O começo da diferença do presente governo põe em causa a oportunidade da discussão das ações afirmativas. Remetem a uma condição típica da contemporaneidade quando o peso dos aparelhos coletivos e seus controles via de regra coíbem a expansão de novos avanços sociais. À inércia do já conquistado opõe-se à consagração de exigências subseqüentes de um fruir coletivo a que responde, basicamente, a idéia da realização universal da democracia.
O que estaria em causa pois é a crise da visão tradicional da representação, pela qual um imaginário coletivo suporia sempre a flexibilidade desse duto, ou a ajustagem inevitável à pulsão de novas demandas de mudança. Um sentimento de maior justiça se deslocaria do liminar da sociedade à superestrutura das suas organizações de poder e da moção da máquina pública. A dita ação afirmativa porta a cunha da ruptura, em que a pressão social desborda um statu quo de melhoria coletiva, definida sempre em melhor repartição dos direitos humanos, individuais ou sociais, e novo grau de realização concreta de um estado generalizado de bem-estar.
A cultura petista não supõe apenas a presunção explícita de que as instituições assegurariam esta promoção continuada do todo social, mas a sua aceleração pelo avanço de uma consciência cívica. Ou seja, de uma crescente mobilização, que dá por assente o reconhecimento social da injustiça das normas existentes e força sem rodeios a sua mudança. O contraponto natural da ação afirmativa é a volta às raízes da própria noção de democracia, tal como se reemergisse o foro das praças (ou das "ágoras") da velha matriz grego para tornar contundentes as reformas do sistema. Corrige-se, por aí, o risco de que, pela própria complexidade do Estado moderno, a representação se reifique e se aparte do impulso da melhoria social, devolvido à permanente "tomada de consciência" e seu esporão de reformas.

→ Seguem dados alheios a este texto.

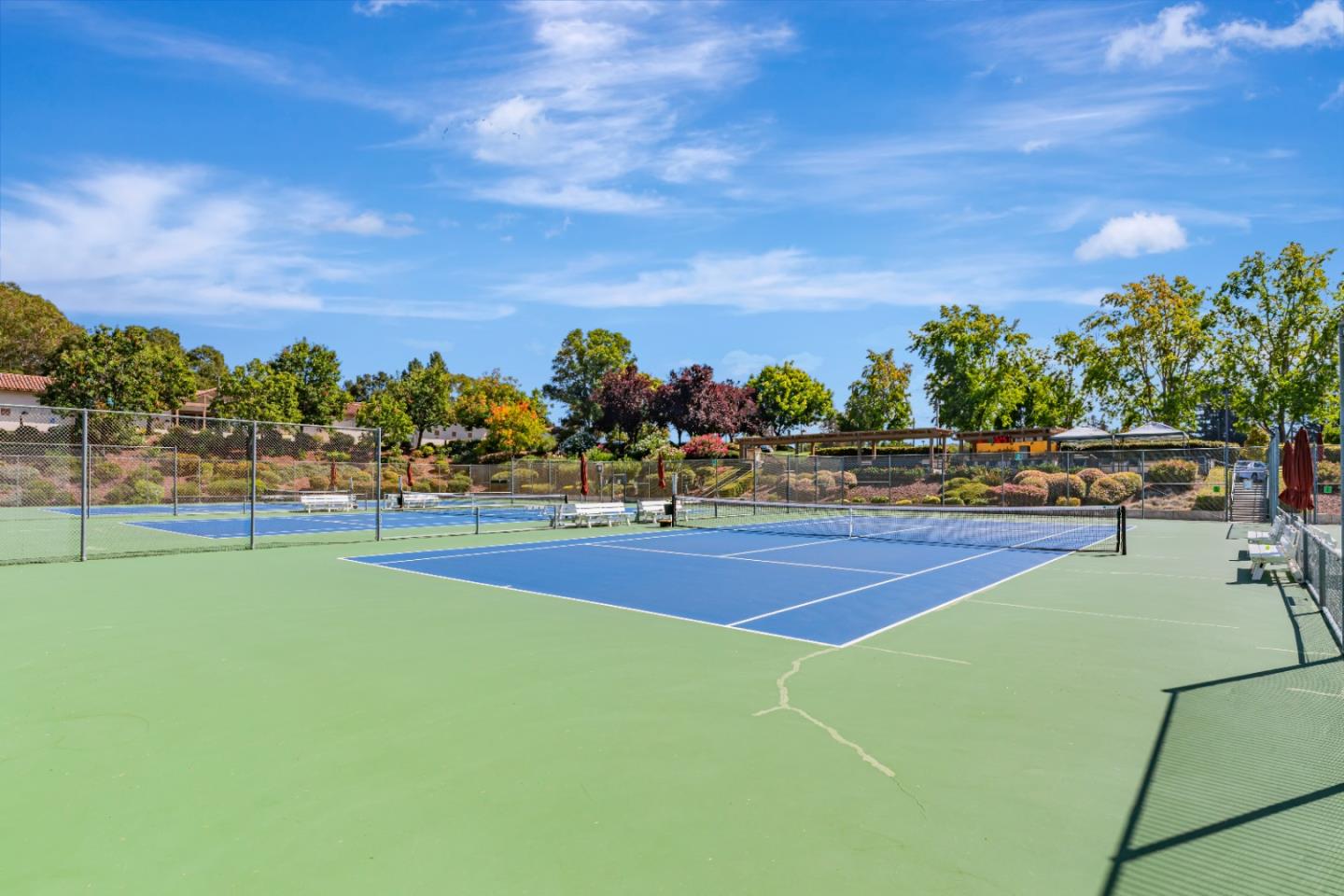Detail Gallery Image 29 of 29 For 5264 Cribari Hts, San Jose,  CA 95135 - 1 Beds | 1 Baths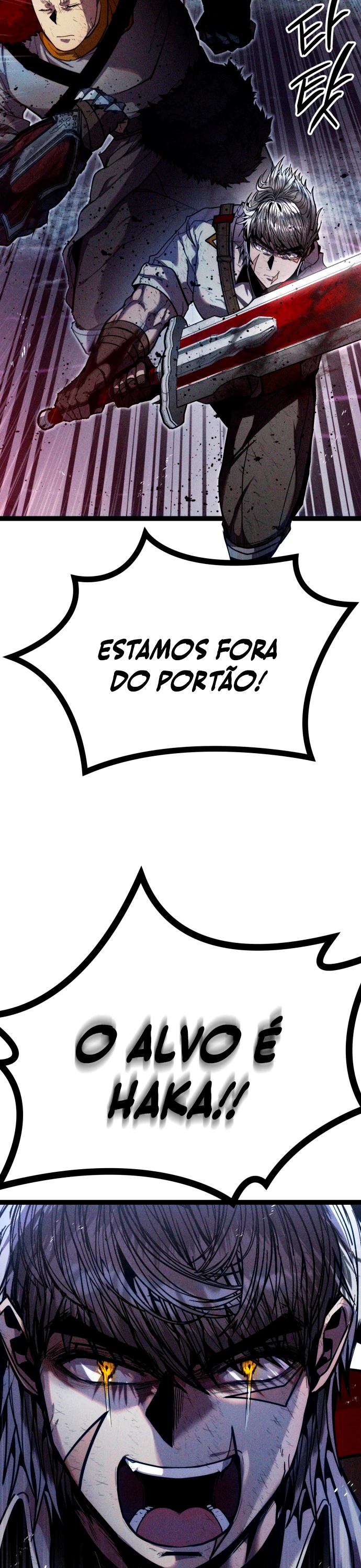 Página 28 do Capítulo 18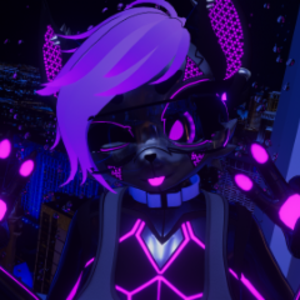 BriarThorneVR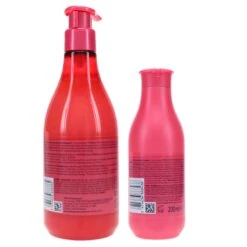 Simple L’Oreal Professionnel Serie Expert Pro Longer Shampoo 16.9 Oz & Serie Expert Pro Longer Conditioner 8.45 Oz Combo Pack 13 Simple L’Oreal Professionnel Serie Expert Pro Longer Shampoo 16.9 Oz & Serie Expert Pro Longer Conditioner 8.45 Oz Combo Pack -Personal Care Shop loreal professionnel serie expert pro longer shampoo 16.9oz and conditioner 8.45oz combo 1439350.4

A ação afirmativa quer retornar ao ponto nodal, ou ao umbigo de toda democracia, recortada na sua manifestação direta; do povo reunido, inescamoteável a ação das maiorias, aberta nos espaços públicos às tensões sem resto, em que se materializaria, contundentemente, este bem comum em ação.
Trata-se, pois, sempre, na "ação afirmativa", de um confronto, ou de um forçamento contra a norma vista como iníqua, e que se fada à ab-rogação pela repetição continuada de sua infringência. A cidade moderna materializa pelos comícios ou pelas marchas como um aríete gigantesco para derrubar uma arquitetura enfermiça do status quo. As marchas são o veículo ostensivo e demolidor das normas injustas. Mas o confronto pode passar às ações de interferência no espaço público, criando desconfortos sociais a tempo e a hora, passando da manifestação ao protesto. Aos dos sit ins, na ocupação indefinida das salas de aula, à invasão de áreas burocráticas de trabalho, ou à desestabilização do transporte no tecido urbano.

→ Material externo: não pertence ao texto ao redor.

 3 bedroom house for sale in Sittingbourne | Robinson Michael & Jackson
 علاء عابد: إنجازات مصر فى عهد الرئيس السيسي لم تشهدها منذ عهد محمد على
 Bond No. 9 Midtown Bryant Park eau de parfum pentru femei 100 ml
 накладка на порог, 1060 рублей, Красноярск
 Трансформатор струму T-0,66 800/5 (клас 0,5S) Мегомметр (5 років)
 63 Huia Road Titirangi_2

No âmbito internacional, a ação afirmativa ganhou a dimensão esmagadora nas marchas para condenar a iminente invasão do Iraque em 2003. Foi a resposta única do 13 de fevereiro daquele ano, permitindo em todas as megalópoles do Ocidente o ajuntamento dos quase 2 milhões de londrinos; do milhão de madrilenos; de barcelonenses; de parisienses ou dos 2 milhões de romanos contra a ocupação de Bagdá. Perguntar-se-ia, entretanto, teria sido esta a última manifestação de tal teor, no quadro em que a tendência à virtualização mediática nos expropriaria do mundo físico, e das epidermes suadas, no mão a mão, ou no braço a braço dos espaços públicos e, pois, da derradeira coreografia viva do protesto social?

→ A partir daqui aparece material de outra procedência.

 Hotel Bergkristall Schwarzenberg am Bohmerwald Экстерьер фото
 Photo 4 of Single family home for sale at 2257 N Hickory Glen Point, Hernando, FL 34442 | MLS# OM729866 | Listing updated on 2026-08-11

Até onde o mundo da internet está corroendo a manif européia, em sutilíssima presdigitação interior, trocando pelo assentimento à distância, o laço de identidades do protesto? Passaríamos à interação instantânea e monumental dos sites e contra-sites, em transposição eletrônica do espetáculo da praça ou da rua congestionadas. Ou enfrentamos, de vez, na ida ao meio cool, um esfriamento sem volta, nem impacto do que só vinga se supõe a interação efetiva, da hora, sem volta, na praça?
Voltaremos, dois anos após, a um protesto realmente universal contra a continuação do impasse no Oriente Médio? As condições objetivas de mobilização vêm de se reafirmar, com os três minutos de silêncio europeu, em homenagem às vítimas do maremoto. Mas no sentimento de protesto uma contabilidade remota pela interação das telas, não faz às vezes do povo na praça. No quadro do futuro imediato esta expressão máxima da ação afirmativa vai depender cada vez mais do universo mediático. Não por fugir à cobertura ao acontecimento internacional, mas por não de lograr exprimir na contabilidade eletrônica o que só conta, até hoje, pela visibilidade direta do dissenso. A lei do menor esforço pode contagiar até o protesto e a sociedade virtual se encarregar da boa consciência do confrontar, mas ficando em casa.